The artwork on Frequency Unknown features a fist bearing the initials “FU,” which La Torre recently slammed as a “cheap shot” – but Tate says that’s not the case.
He tells Jam: “It’s an abbreviation of the album title. It’s a metal thing. I’ve seen tens of thousands of fists punching the air at Queensryche shows. There is nothing out of the ordinary about it. I get criticised because I’m not metal enough – now I do an obvious metal album cover and I get criticised for that!”
Soon after the acrimonious split last year, Tate said he’d always imagined the band still together as a group of old men, sharing stories about a long and successful career. Since then his attitude has changed – he now says: “It never was a brotherhood. It was a bunch of kids that got together and achieved success at an early age. We got used to that success and continued doing the things we did to get that success. We found comfort in our way of working. It’s just that simple.

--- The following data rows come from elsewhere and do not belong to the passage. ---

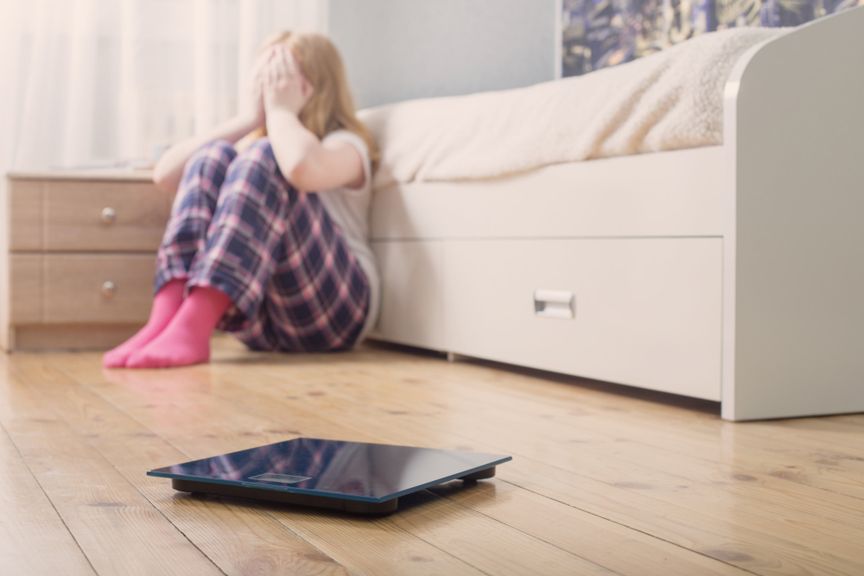 Trauriger weiblicher Teenager sitzt auf dem Fussboden mit einer Personenwaage vor sich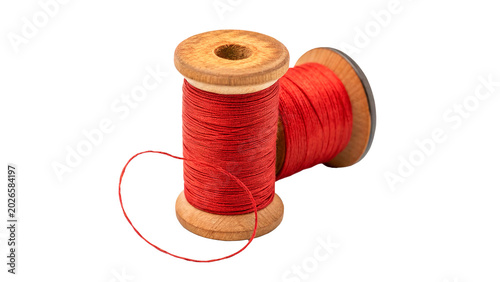 Photos A vintage wooden sewing spool roll filled with bright red textile thread isolate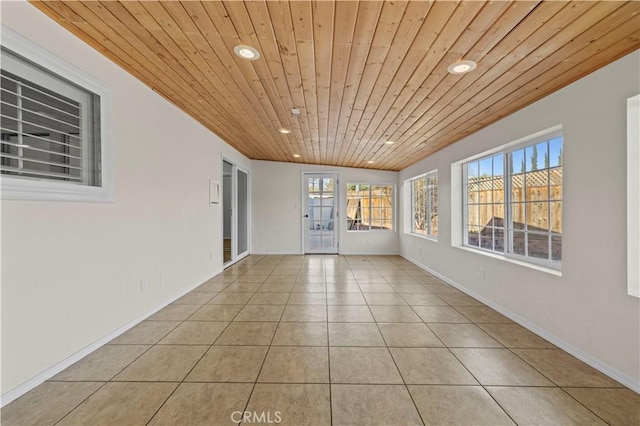 unfurnished sunroom with wood ceiling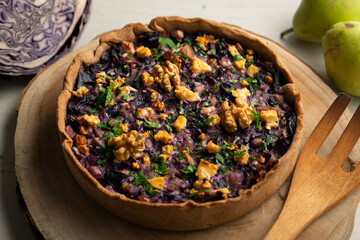 French quiche with red cabbage and vegetables. Traditional French recipe.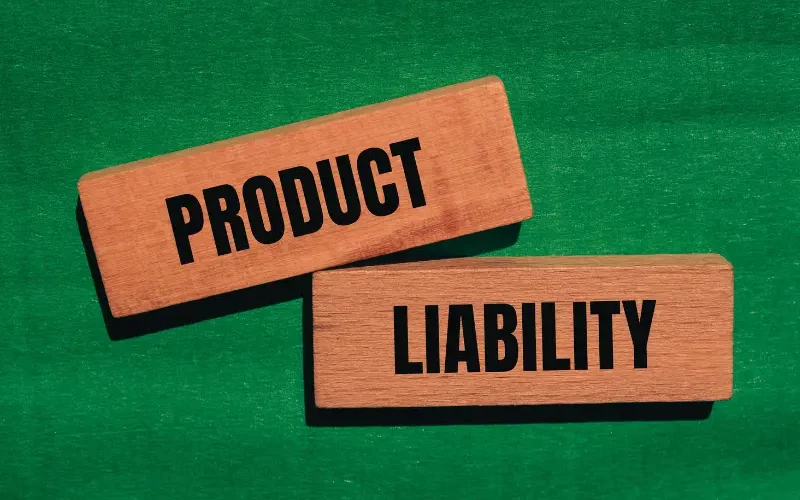 Product liability words written on wooden blocks with green background.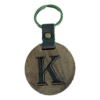 A wooden key chain with the letter k on it.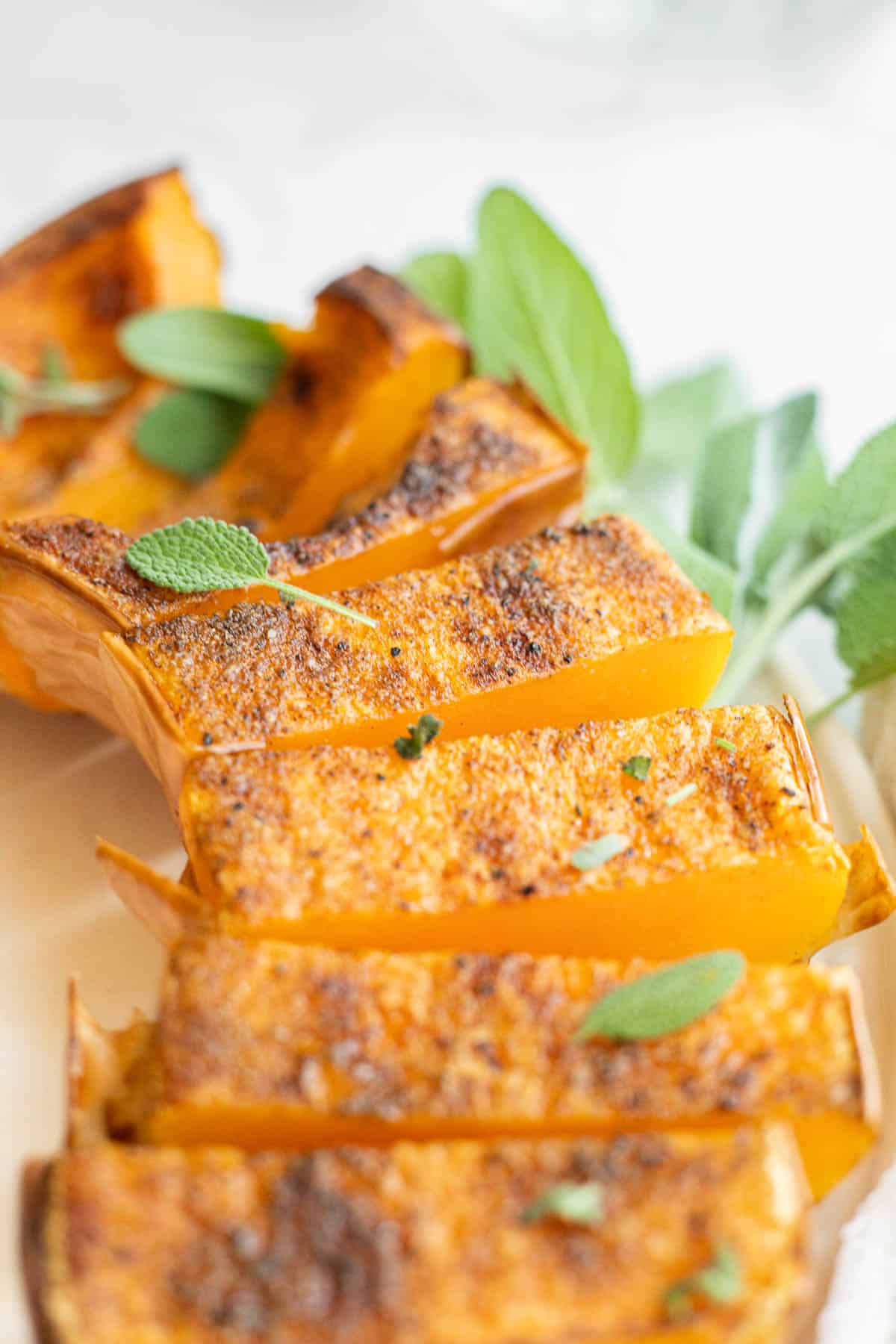 seasoned butternut squash topped with sage leaves.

“We were never close. We never hung out doing stuff and sharing life. It was always just, ‘Hey, we have another record to make. Anyone have any ideas? Let’s try to make a record. Here we go.’”

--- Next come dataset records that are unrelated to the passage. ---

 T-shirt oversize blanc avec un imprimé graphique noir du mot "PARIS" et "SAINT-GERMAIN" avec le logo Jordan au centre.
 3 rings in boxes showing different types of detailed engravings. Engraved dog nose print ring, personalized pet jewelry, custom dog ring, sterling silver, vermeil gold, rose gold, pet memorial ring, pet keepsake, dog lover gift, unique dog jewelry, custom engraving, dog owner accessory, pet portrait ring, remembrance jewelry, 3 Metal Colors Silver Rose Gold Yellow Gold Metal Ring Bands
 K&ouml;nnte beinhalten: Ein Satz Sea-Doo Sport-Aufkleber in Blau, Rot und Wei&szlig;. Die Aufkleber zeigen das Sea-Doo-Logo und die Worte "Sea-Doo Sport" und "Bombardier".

But he still regrets the way the split came about, saying: “I wish it would have been handled with a lot more privacy and decorum. I wish we could have settled it like gentlemen and moved on with our lives without stretching it out for a year and playing it out on the Internet like some sick drama.”
Frequency Unknown – which was remixed and offered to fans for free after complaints about the original version – features new recordings of four classic Queensryche tracks. But Tate says it wasn’t an attempt to claim them for himself. “The record company asked us to do it,” he explains. “They said, ‘We really want to give you a lot of money to make this record, but we don’t want to give it to you unless you include the re-recordings.’
“I tried to wriggle out of it; I said, ‘I’ve already recorded these songs. How about I do those with a different arrangement and make them really special?’ The record company said, ‘No. We want them to be as close to the originals as possible.’
“These days economics plays a big role in decision making when people offer you a large sum of money for something you like to do.”